なんだかんだで優しい私の先生
受験前日は、プレッシャーで全身が緊張に走っていて夜なかなか寝付けなかった。
「明日・・・大丈夫かな」
ネガティブなことを考えていくうちにいつの間にか寝てしまっていたが・・・
翌朝
ピピピピッ~♪・・・・・・・・・・・・・・ガチャン!
「起きろ」
バサッ!!
「・・・・っう」
「良く眠れたか?」
いつもなら『早く起きろ』という工藤さんも優しいお言葉をかけてくれる。
だが私はそれどころかまだ眠たかった。
目をこすろうとするとパシッ!と腕を掴まれて「目をこするな」と言われてしまった。
「顔洗って来い」と言われたので起き上がり洗面台へ
「これに着替えろ。
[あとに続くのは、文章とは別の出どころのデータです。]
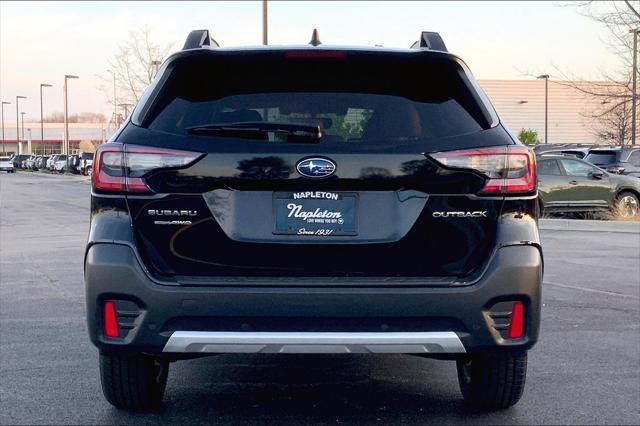 used 2021 Subaru Outback car, priced at $25,444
制服だ」
「えっ?」
「私服のままだと不自然だろ?これを着ていれば怪しまれない」
「はっ、はぁ・・・」
どこでこの制服を入手したのかは、あえて聞かなかった。
「大丈夫だ。あれだけしていれば問題ない」
「・・・はい」
朝食を食べ終わった後、受験する高校へと向かった。
工藤さんも「教育係として」と高校まで付いて行ってくれて少しほっとする。
たどり着いてからは一人で高校の中へと入って行った。
そして、入学試験は終了した。
結構できたという自信はあるから、大丈夫だと自分に言い聞かせて終わって少しして教室を出た。
学校の門を出ると、工藤さんが待っていてくれた。
「どうだった?」
「まぁ、自分は出来たと自信はあります」
「そうか。あとは結果を待つだけだな」と工藤さんはそう言って歩き出す。
私もその後に着いていった。
合格発表の日。工藤さんと一緒に見に行った。
掲示板に自分の番号を探すと…
「あった!」
結果は見事合格だった。
「俺が教えたんだ。当然だろ」
「おめでとうと言ってくれないんですね・・・」
工藤さんらしいけど。と私はそう思った。